The term "Proterozoic"
means "First Life". One-celled organisms dominated life
throughout most of the Proterozoic, which lasted from at least
2.5 billion years ago--when the first known life appeared--to
the beginning of the Cambrian period, 570 million years ago. For
much of this time, vast mats of algae consumed the carbon dioxide
in the atmosphere and released oxygen, slowly creating the conditions
suitable for oxygen-breathing life.
Granites form when sedimentary rocks
or granites melt and then crystallize under the earth's surface.

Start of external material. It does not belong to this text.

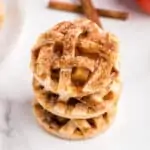 Apple pie cookies stacked on top of one another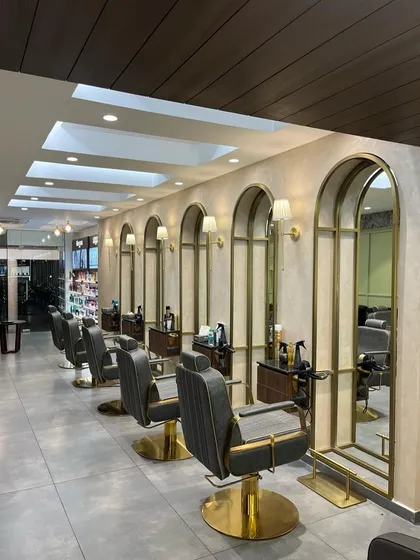 For the Madonna Salon in New Delhi, we designed a serene and elegant styling area. The repeating brass-framed arched mirrors and custom lighting create a rhythmic and sophisticated atmosphere, ensuring clients feel pampered and relaxed.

This often happens when two tectonic plates collide. The heat
of the collision can melt vast amounts of continental rocks and
deeply buried sediments and create masses of granite called batholiths.
The Sierra Nevada in California is a good example of a batholith.
It formed as the North American plate overrode the Farallon plate,
which has now mostly been driven down into the mantle. The Cocos
and Rivera plates, which underlie the ocean south of Baja California,
and the Juan de Fuca plate, off the northwest coast of the U.S.,
are small remnants
of the Farallon plate. The Esmond granites in Rhode Island probably
formed during a similar plate collision, hundreds of millions
of years before the Sierra Nevada. A second, later collision slightly
deformed and chemically altered the granite, introducing the epidote.
Erosion exposed the granites of
the Sierra Nevada as fault movements forced them upward. The gentle,
rolling hills of western Rhode Island are all that is left of
what may have been a similar mountain range, which rose at a time
before anything had evolved to live on land.